In this embodiment, the vehicle pose information refers to position information and pose information of the vehicle, and the position information may be directly obtained through a Global Positioning System (GPS) mounted on the vehicle terminal, or obtained through a odometer mounted on the vehicle terminal, or obtained through a Simultaneous Localization and Mapping (SLAM) System, or obtained through other methods, which is not limited specifically. The posture information can be directly obtained by an inertial sensor carried by a vehicle terminal, can also be obtained by the calculation of multi-sensor fusion visual information, or can be obtained by other modes based on the constructed sparse semantic map estimation of the application, and can be selected according to the actual situation.

In a feasible implementation mode, the vehicle terminal carries out preprocessing on multi-frame image data, wherein the preprocessing at least comprises pixel brightness conversion, geometric conversion, local image smoothing, image enhancement and the like, so that the detectability of related information in the image data is enhanced, the data is simplified to the maximum extent, and the effects of improving the accuracy of subsequent feature extraction and semantic segmentation are achieved.

102. And performing semantic segmentation and contour extraction on each frame of image data to obtain a semantic contour of each frame of image data, wherein at least one semantic contour of each frame of image data corresponds to one semantic label.

The vehicle terminal can perform semantic segmentation on each frame of image data by adopting a deep learning algorithm to obtain processed initial image data, each pixel point in the initial image data carries a corresponding semantic label, and semantic contour extraction in each frame of image data is performed according to the semantic labels and a contour extraction algorithm.

In a possible implementation manner, after obtaining the initial image data through semantic segmentation, the vehicle terminal calculates a semantic gradient g (x, y) of each pixel point in a camera coordinate system according to a semantic label I (x, y) of each pixel point, where I (x, y) represents the semantic label at the pixel position (x, y), and obtains a semantic contour according to the semantic gradient of each pixel point and the corresponding semantic label, where a calculation formula of the semantic gradient of the position is as follows:

wherein, when g (x, y)!
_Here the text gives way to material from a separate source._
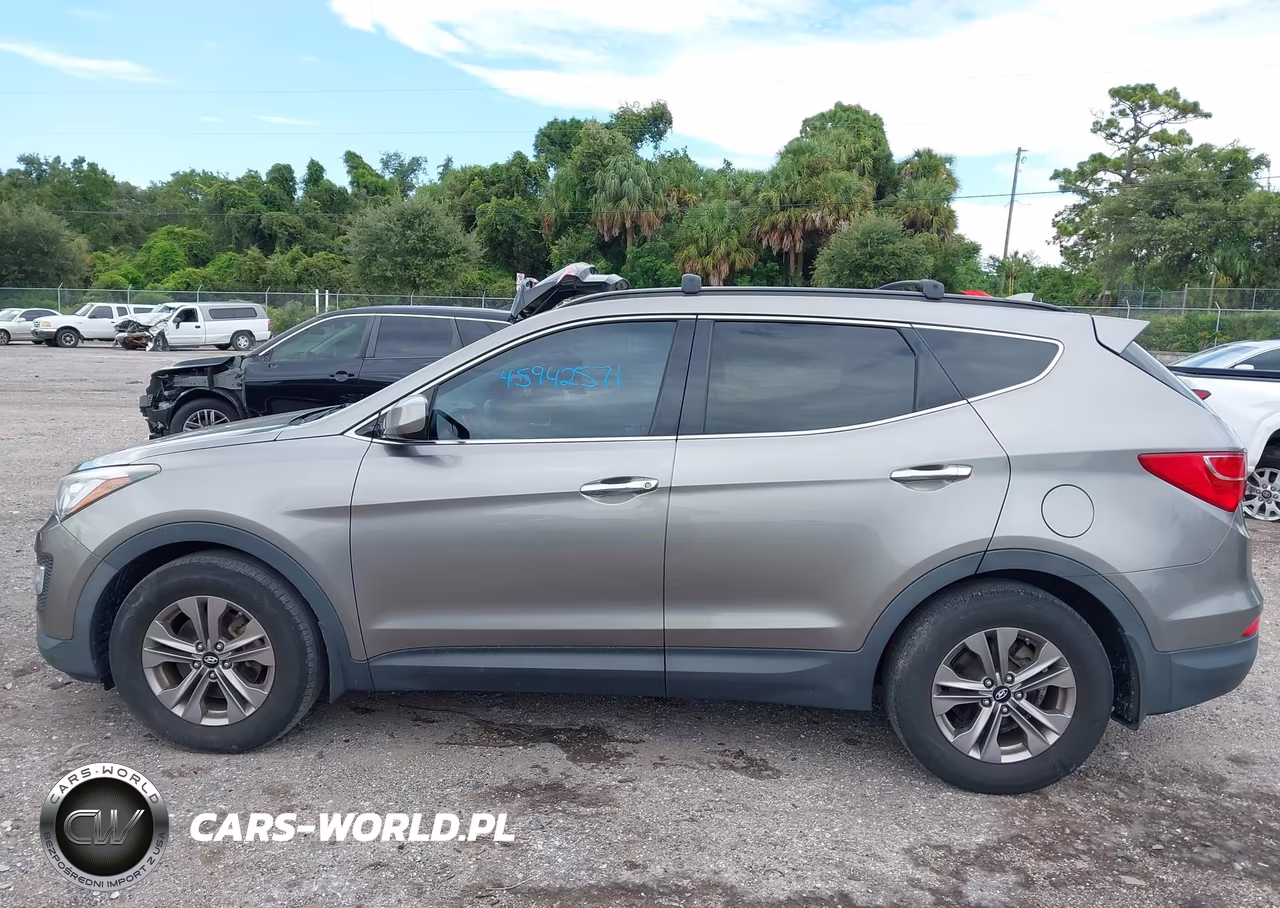 2016 Hyundai Santa Fe Sport 2.4L VIN:5XYZU3LB1GG313265 - 14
And =0, the position is the semantic contour, and the pixel point corresponding to the position is the semantic contour point.
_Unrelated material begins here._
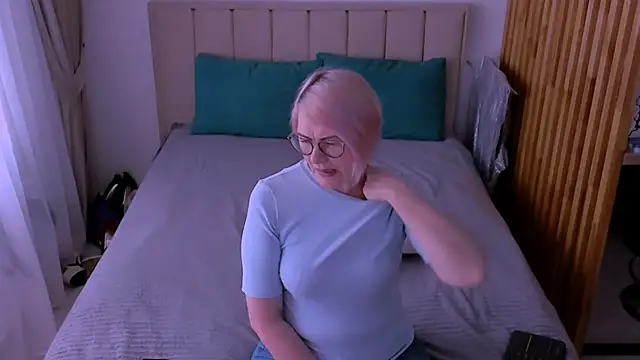 sabrinamacmarren online show from 03-12-26, 08:07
103. And constructing an initial semantic map according to the semantic outline and the vehicle pose information of the initial frame image data.

The vehicle terminal constructs an initial semantic map according to initial frame image data, firstly, semantic contours in the initial frame image data are projected to a world coordinate system from a camera coordinate system by vehicle pose information to obtain the world coordinate of each semantic contour point, a hash table is constructed according to the world coordinate of each semantic contour point and preset grid side length, wherein the hash table comprises a grid index capable of determining a unique grid corresponding to the semantic contour point, the world coordinate system is accessed according to the grid index in the hash table to create a voxel grid, a semantic contour consisting of the voxel grids can be constructed, and then the initial semantic map formed by splicing a plurality of semantic contours is constructed.
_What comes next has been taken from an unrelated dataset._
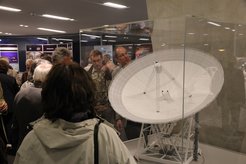 Abb. 6: Das Modell des Radioteleskops Effelsberg im Foyer des "Haus der Astronomie".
It should be further explained that the preset grid side length mentioned above can be set through actual conditions, so that one voxel grid includes one pixel point (semantic contour point) to determine the corresponding grid side length, and also one voxel grid includes a plurality of semantic contour points carrying the same semantic label to determine the corresponding grid side length. In a possible embodiment, the semantic contour points may be calculated according to a first edge length to obtain a first grid index, and when the semantic contour accesses a voxel grid in the world coordinate system through the first grid index, a corresponding first edge length voxel grid may be created, where the first edge length voxel grid may include a plurality of semantic contour points carrying the same semantic label, and the first edge length is not set too large, which may cause the semantic map to be too coarse, and the first edge length is too small, which may cause the waste of computing resources.

When any first edge long voxel grid is accessed by semantic contour points carrying different semantic labels, deleting the first edge long voxel grid to obtain a corresponding voxel grid, wherein the semantic contour points carrying different semantic labels at least comprise a first semantic contour point carrying a first semantic label and a second semantic contour point carrying a second semantic label; calculating according to the world coordinate of the first semantic contour point and the world coordinate of the second semantic contour point and a preset second side length to obtain a second grid index, wherein the second side length enables the semantic contour points carrying different semantic labels to be just positioned in different voxel grids, the world coordinate is accessed according to the second grid index corresponding to the first semantic contour point and the second grid index corresponding to the second semantic contour point respectively, a corresponding second side length voxel grid is created, and the probability corresponding to the corresponding semantic label is initialized and stored; the first side length voxel grid and the second side length voxel grid are output as an initial semantic map, the initial semantic map obtained by the method can save computing resources, and the semantic map can be quickly constructed while the richness of the semantic map details is considered.

104. And updating the initial semantic map according to the subsequent frame of image data and the vehicle pose information corresponding to each frame of image data to obtain a sparse semantic map.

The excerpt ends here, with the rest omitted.